Frantic Transmissions to and from Los Angeles chronicles the trajectory of Braverman's Left Coast generation with a voice of singular power. She was an antiwar activist in Berkeley, a punk-rock poet on Sunset Strip, a single mother in the East L.A. barrio, and a woman in recovery at AA meetings in Beverly Hills. By 1990 she was married and settled into a life of writing and teaching. In her forties, Braverman did the unthinkable and moved from Beverly Hills to New York's Allegheny Mountains to a 150-year-old farmhouse.

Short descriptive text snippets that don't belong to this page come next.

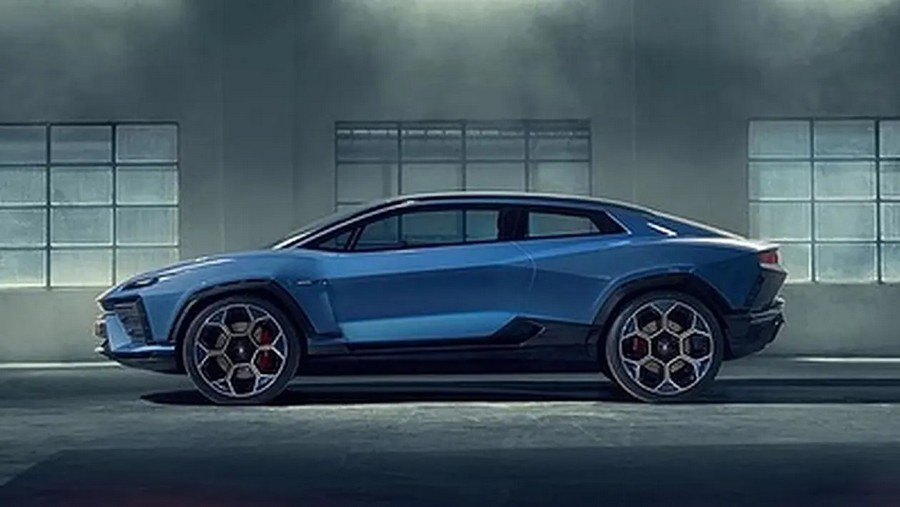 Lamborghini Lanzador leaked images-2.jpg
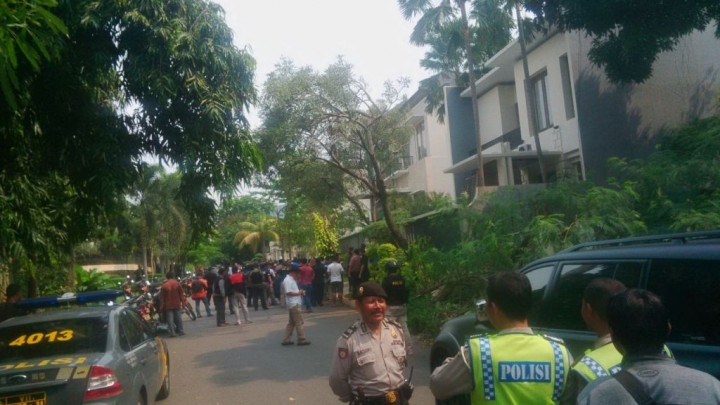 Penyandera Diduga Masuk Rumah Korban Pukul 05.00 WIB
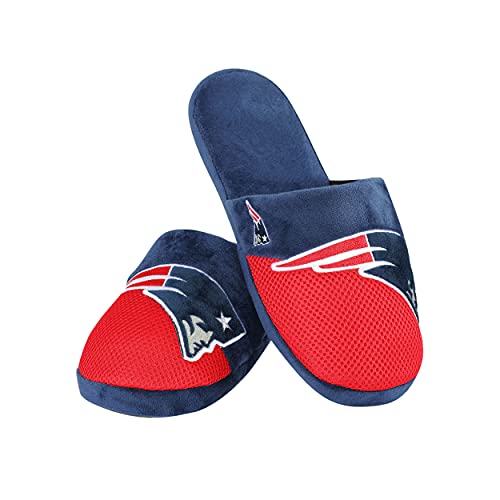 Patriots Logo Staycation Slippers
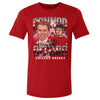 Connor Bedard Chicago Vintage WHT by 500 LEVEL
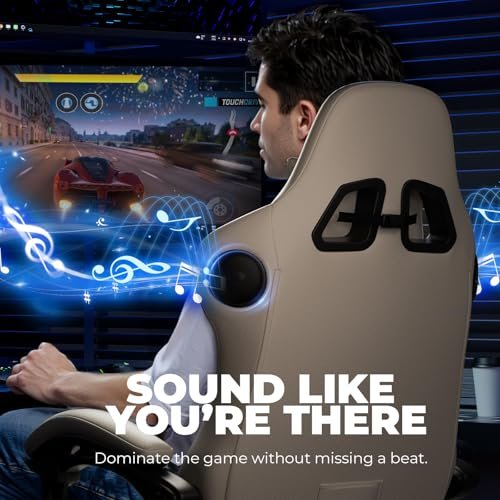 GTPLAYER ACE-PRO Gaming Chair Review Ergonomic Comfort and Bluetooth Sound Experience GTPLAYER ACE-PRO Gaming Chair Review Ergonomic Comfort and Bluetooth Sound Experience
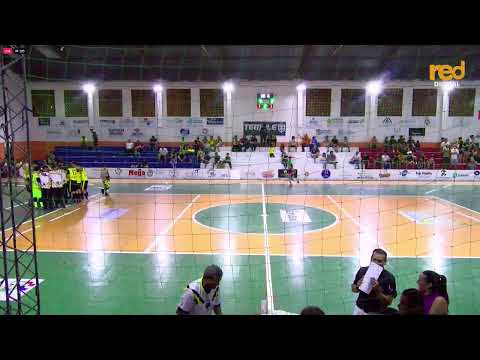 SAN PEDRO VS AMAMBAY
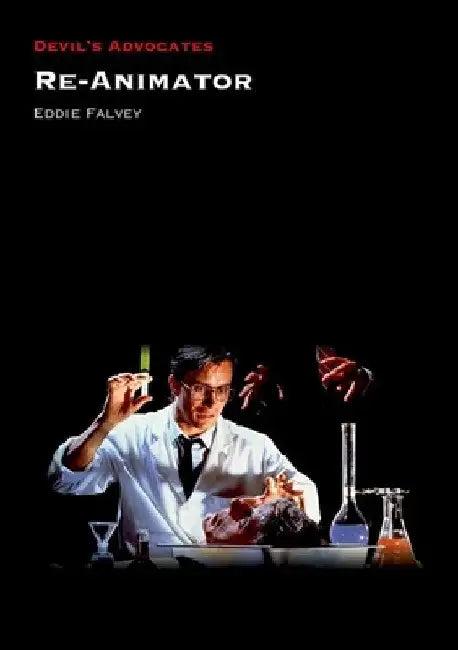 Re-Animator (English, Eddie Falvey)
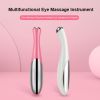 Electric Eye Beauty Instrument Remove Dark Circles Puffiness Ion Massager Pen Remove Fine Lines Vibration Massage Care Tool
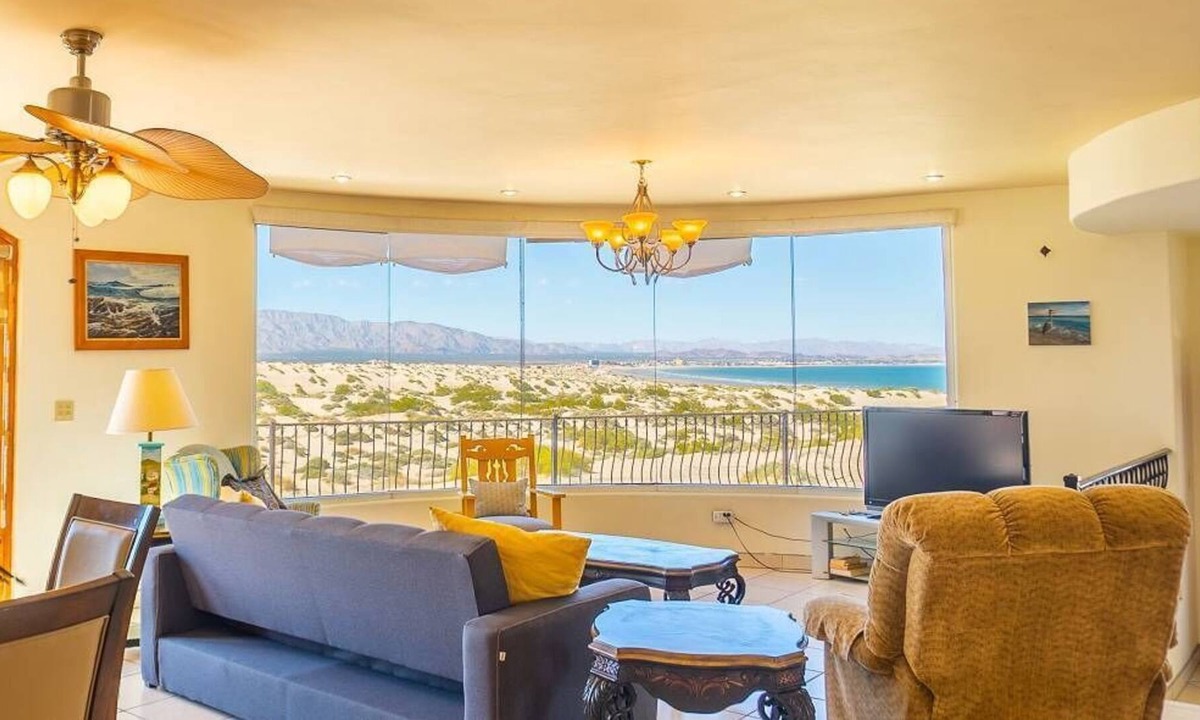San Felipe House | Majestic San Felipe Vacation Rental Home - Casa Bonita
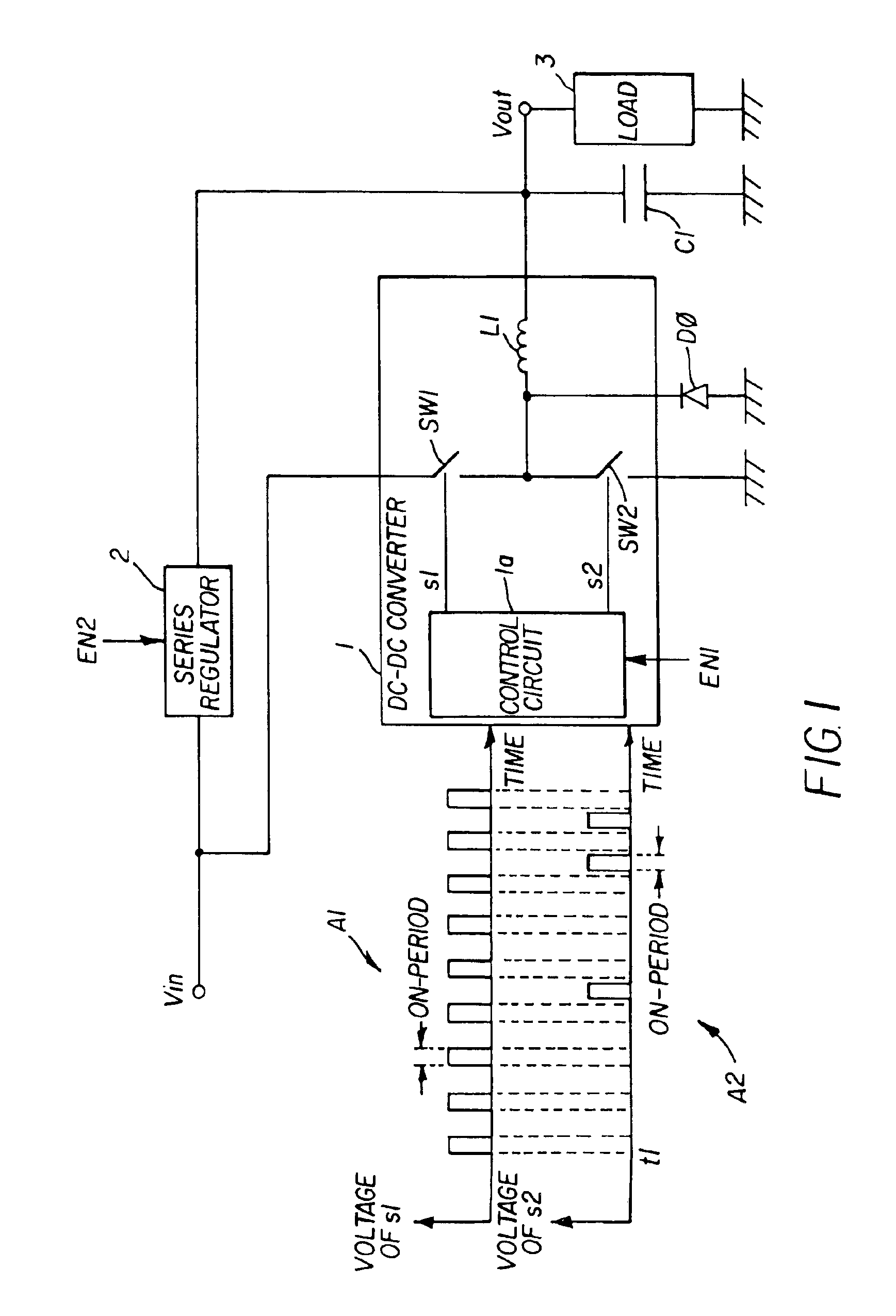 Power supply system and method thereof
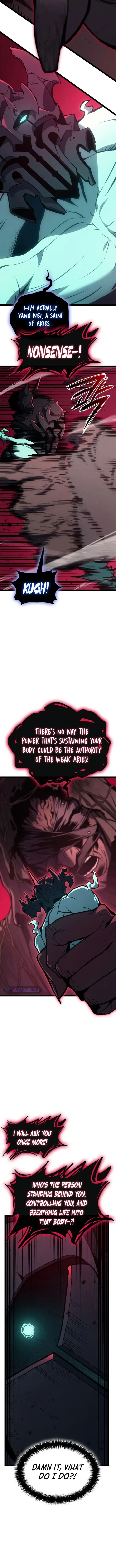 The Return Of The Disaster Class Hero Chapter 99 Page 8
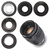 35mm F1.7 CCTV Lens + C Mount Adapter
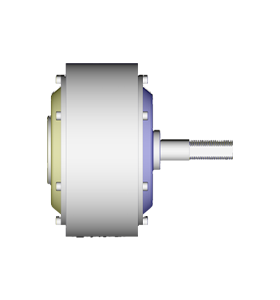 DM140 Drive Hub Motor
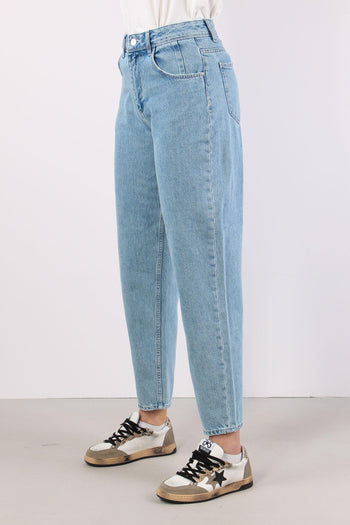 Denim Carrot Denim Chiaro - 3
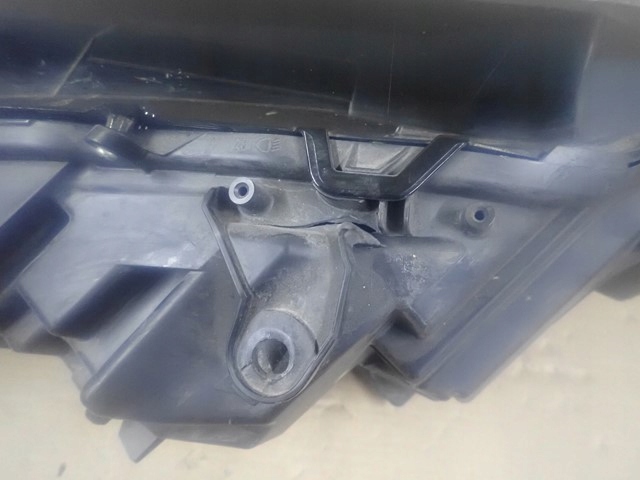 фото №6, Лампа ліва фара лівий lexus rx 4 iv повний led рестайлінг 2019-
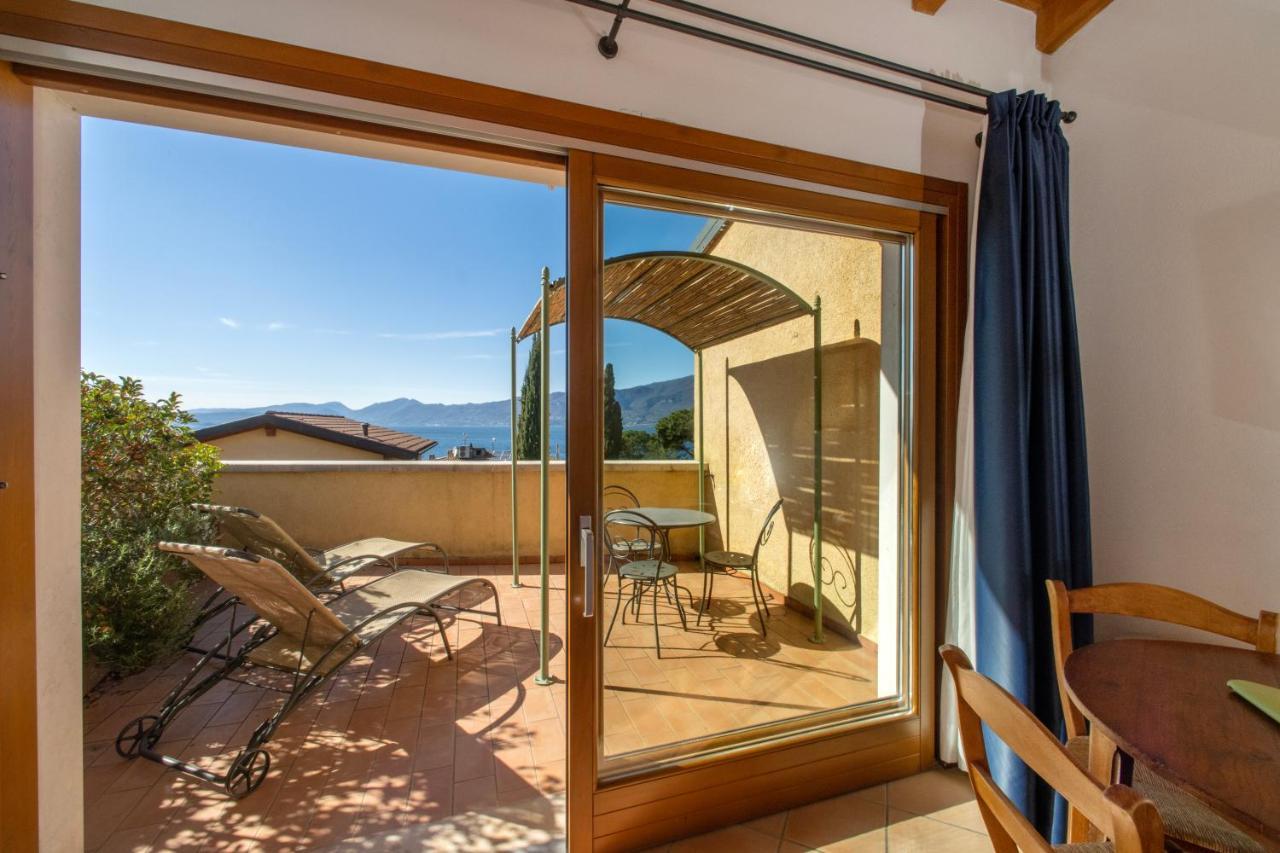 Apartahotel Ca Del Torri Del Benaco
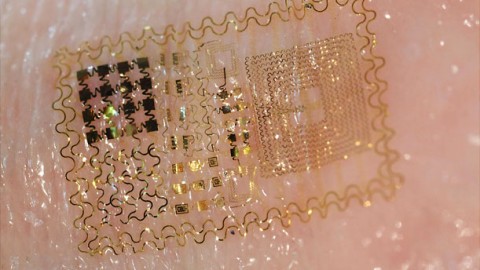 New Global Health Solutions: Tattoo-Like Patches to Monitor Pregnancy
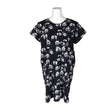 Unisex Ehta - Trikotaažist tuunika, suurus 38 - Must ()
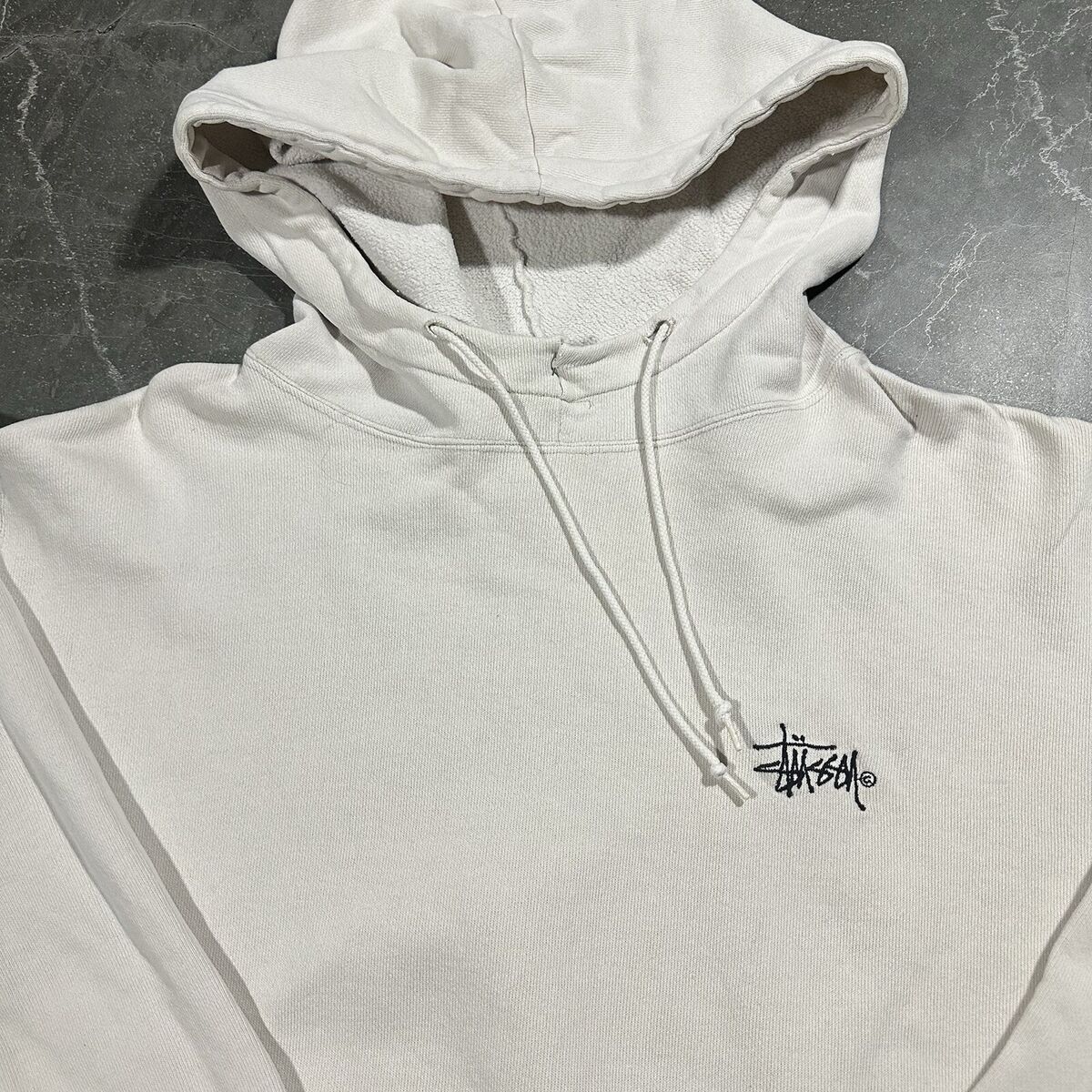Vintage 80s 90s Stussy Archive Mock Neck Sweatshirt Pullover Vintage 80s 90s Stussy Archive Mock Neck Sweatshirt Pullover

In wide-ranging transmissions, Braverman deftly contrasts the social histories of Los Angeles with her new, timeless rural community; describes the effects of the changing seasons on her Californian, sun-drenched soul; and marvels at how a remote farmhouse can offer surprising consolations.
Library Journal calls Braverman a "literary genius"; Rolling Stone describes her as having the "power and intensity you don't see much outside of rock and roll." Frantic Transmissions to and from Los Angeles offers an eccentric and insightful view of social and individual transformation.
"Experimental poet and novelist Braverman (The Incantation of Frida K.) proffers a brash, witty memoir comprising a dozen bubbling, occasionally repetitive essays chronicling her 1990s move from L.A. to an upstate New York farmhouse. After the last spate of riots and a major earthquake, the 40-something Braverman decides to quit the city of her birth and head to the Allegheny Mountains to live through brutal winters with her husband, an academic scientist, and teenage daughter. In the first and funniest essay, Braverman relates how a longtime denizen of L.A. like herself manages to leave, an ordeal in itself: 'Such a departure requires magical intervention.' Then she is prey to advice from others, such as Uncle Irving, who gives the lowdown on their Jewish family's desperate emigration from the Old World: 'They couldn't even invent a past with a single exception to impoverishment.' In six 'Transmission' essays, Braverman delineates her thorny new eastern habitat, where she enjoys four bathrooms, gardening and 'active correspondence necessitating pens and the postal service'; with snow falling for eight consecutive months, she even craves the crass fantasyland of L.A. malls. In fact, once removed from that city's crime and materialism, Braverman finds she can draw in sharp relief its 'accumulated atrocities.'" Publishers Weekly (Copyright Reed Business Information, Inc.)
About the Author
Kate Braverman is the author of several works of fiction and poetry, most recently, The Incantation of Frida K. She currently lives with her husband in San Francisco.